Where we live now, hunters are not very popular, but eventing is! I signed up for our first CT test (minus cross country). I thought, dressage will be just like an equitation pattern, right? Turns out, the dressage was held in a scary, horse eating indoor, with frilly white chain lurking in wait, ready to snag Trouble, and the judge was cowering at the end of the arena, obviously in fear of the monster table! Yeah, so maybe we have some work to do... But at least we were clear in show jumping! No hunter circles, and EVERYBODY was clucking to their horses (a definite no-no in hunterland).

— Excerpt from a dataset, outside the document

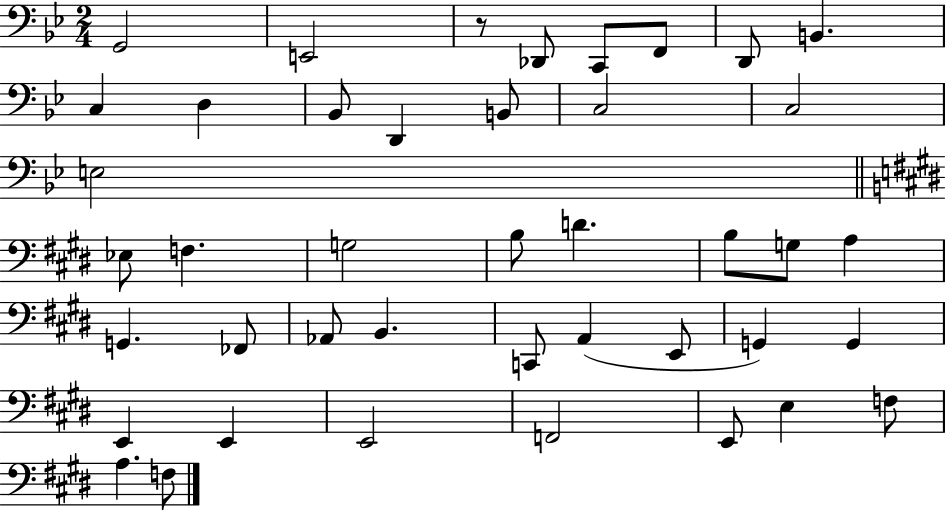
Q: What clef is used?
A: bass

Next we tried a CT with cross country (minus stadium). I went to walk the course the day before and thought, we are SO dead! This was a super fancy XC course, complete with Winnie the Pooh and a dragon to jump! Yikes! I was quite pleased that we were eliminated on the fifth jump - Trouble was very looky, but after letting her stop (bad, I know) she would go over the fancy decorated jumps.

So at home, we started setting up "dynamic jumping" exercises. We'd start with a simple oxer, and while I looped around, DH would do something to make the jump look different (putting a blanket over the jumps, using traffic cones, etc) Instead of getting used to jumping strange things, Trouble started stopping. As I tried to work with her, her stopping got even worse. Soon, she was stopping at dinky crossrails! Very uncool. So I finally decided to get us some real eventing lessons, and hopefully we'd get some help on this stupid stopping problem!

Fast forward a few months. Instructor thinks Trouble is NQR. Something in her hind end. I certainly don't see it. A few weeks later, I think I *might* see something. Nothing very obvious, at least. But trainer recommends taking her to a vet. Vet recommends x-rays, and then hock injections. Wait, I cry! This horse is mostly fine. Are you people crazy to go to these drastic measures? But I get convinced and agree to the injections. And Adequan.

During the week after the hock injections, Trouble looks worse. She used to careen around the pasture, but now she does nothing more than walk. No Trouble-ish antics in the pasture. I feel horrible. Have I made my horse worse?

Three weeks later, Instructor declares Trouble a new horse, moving much better than before. She is better than immediately after the injections, but I'm not so sure that she's entirely different than before. Except... she's not stopping at the jumps anymore! Even really scary XC jumps. Hmmm.

So, this blog with describe our continuing endeavors with eventing, dressage, and injections.